Читать книгу Experimental Evaluation Design for Program Improvement - Laura R. Peck - Страница 10
Chapter 1 Introduction
ОглавлениеThe concepts of cause and effect are critical to the field of program evaluation. After all, establishing a causal connection between a program and its effects is at the core of what impact evaluations do. The field of program evaluation has its roots in the social work research of the settlement house movement and in the business-sector’s efficiency movement, both at the turn of the 20th century. Evaluation as we know it today emerged from the Great Society Era, when large scale demonstrations tested new, sweeping interventions to improve many aspects of our social, political, and economic worlds. Specifically, it was the Elementary and Secondary Education Act of 1965 that first stipulated evaluation requirements (Hogan, 2007). Thereafter, a slew of scholarly journals launched and, to accompany them, academic programs to train people in evaluation methods. Since then scholars, practitioners and policymakers have increased their awareness of the diversity of questions that program evaluation pursues. This has coupled with a broadening range of evaluation approaches to address not only whether programs work but also what works, for whom, and under what circumstances (e.g., Stern et al., 2012). Program evaluation as a profession is diverse, and scholars and practitioners can be found in a wide array of settings from small, community-based nonprofits to the largest of federal agencies.

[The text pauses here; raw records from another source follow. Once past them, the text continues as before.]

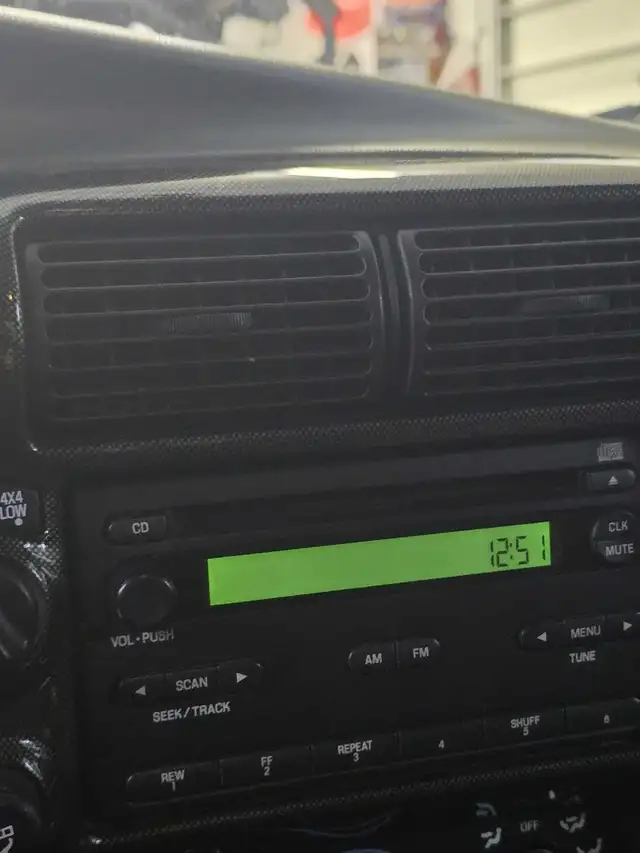 2004 Mazda B 400064959947248130124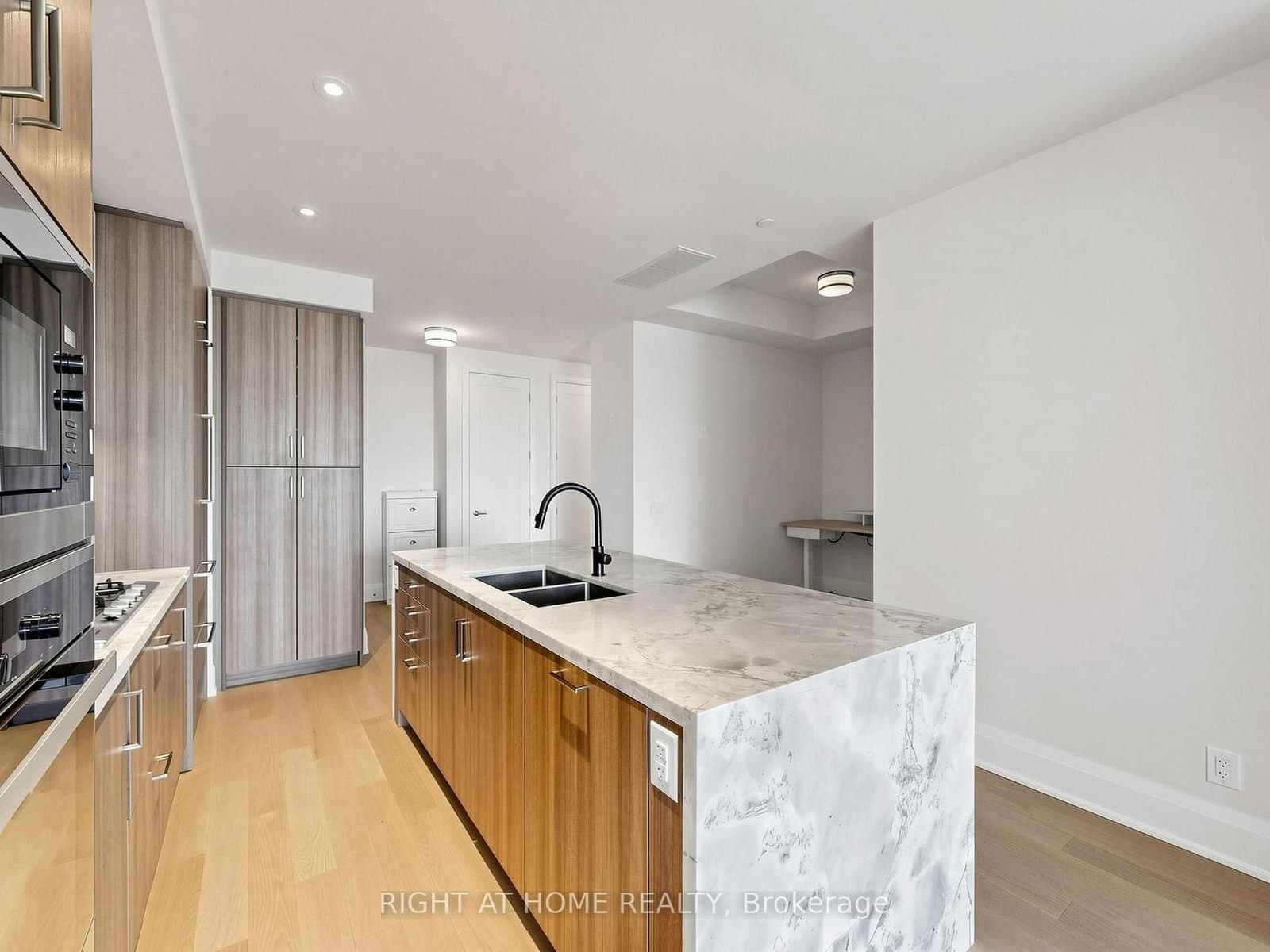 280 Howland Avenue, Unit 615 thumbnail 14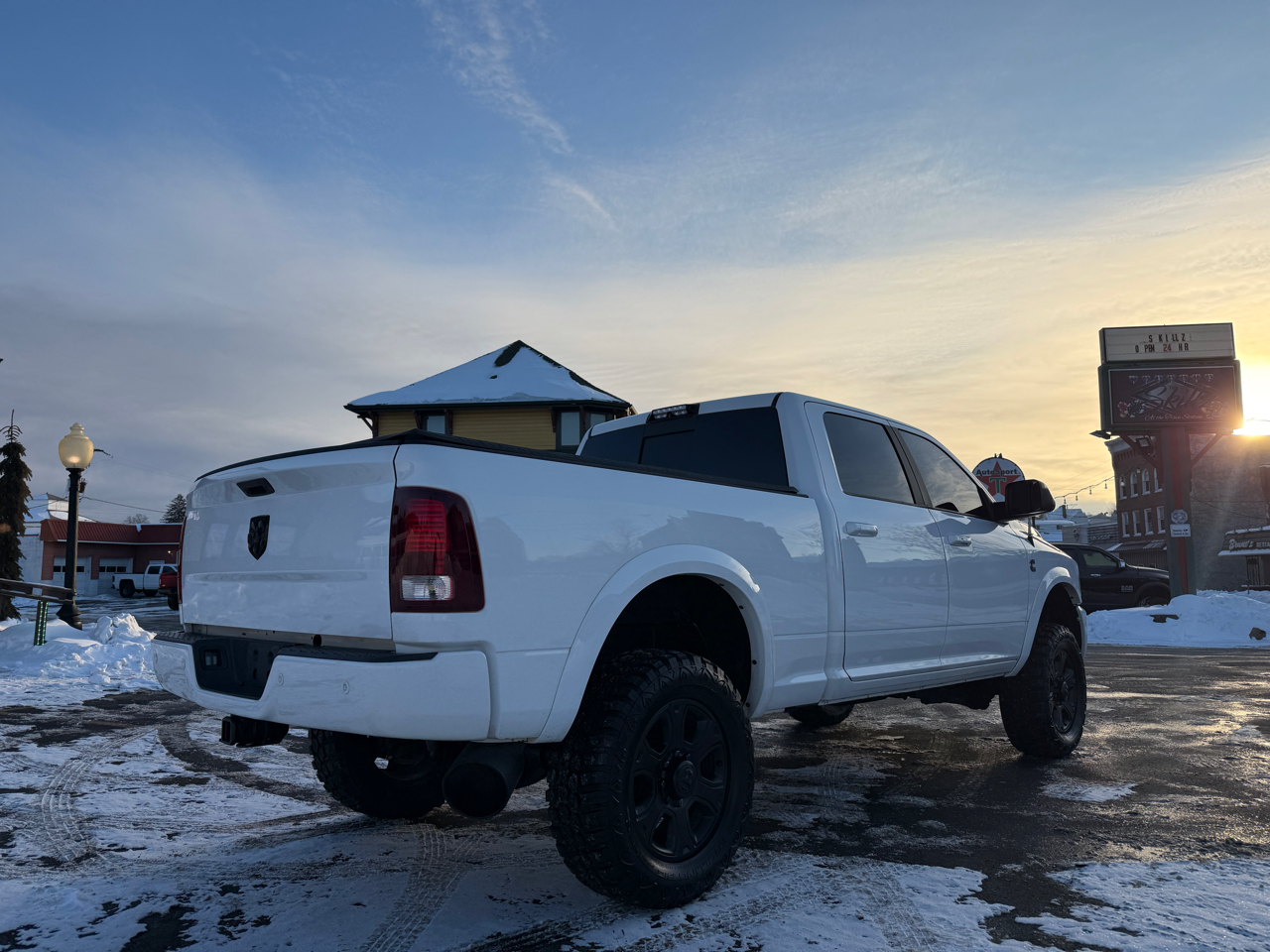 RAM 3500 Laramie Crew Cab SWB 4WD 2018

As those program administrators and policymakers seek to establish, implement, and evolve their programs and public policies, measuring the effectiveness of the programs or policies is essential to justifying ongoing funding, enacting policy changes to improve it, or terminating. In doing so, impact evaluations must isolate a program’s impact from the many other possible explanations that exist for any observed difference in outcomes. How much of the improvement in outcomes (that is, the “impact”) is due to the program involves estimating what would have happened in the program’s absence (the “counterfactual”). As of 2019, we are amid an era of “evidence-based” policy-making, which implies that the results of evaluation research inform what we choose to implement, how we choose to improve, and whether we terminate certain public and nonprofit programs and policies.
Experimentally designed evaluations—those that randomize to treatment and control groups—offer a convincing means for establishing a causal connection between a program and its effects. Over the last roughly 3 decades, experimental evaluations have been growing substantially in numbers and diversity of their application. For example, Greenberg and Shroder’s 2004 Digest of Social Experiments counted 293 such evaluations since the beginning of their use to study public policy in the 1970s. The Randomized Social Experiments eJournal that replaced the Digest beginning in 2007 identifies additional thousands of experiments since then.
The past few decades have shown that experimental evaluations are feasible in a wide variety of settings. The field has gotten quite good at executing experiments that aim to answer questions about average impacts of policies and programs. Over this same time period there has been increased awareness of a broad range of cause-and-effect questions that evaluation research examines and corresponding methodological innovation and creativity to meet increased demand from the field. That said, experimental evaluations have been subject to criticism, for a variety of reasons (e.g., Bell & Peck, 2015).
The main criticism that compels this book is that experimental evaluations are not suited to disaggregating program impacts in ways that connect to program implementation or practice. That is, experiments have earned a reputation for being a relatively blunt tool, where program implementation details are a “black box.” The complexity, implementation, and nuance of a program itself tends to be overlooked when an evaluation produces a single number (the “impact”) to represent the program’s effectiveness.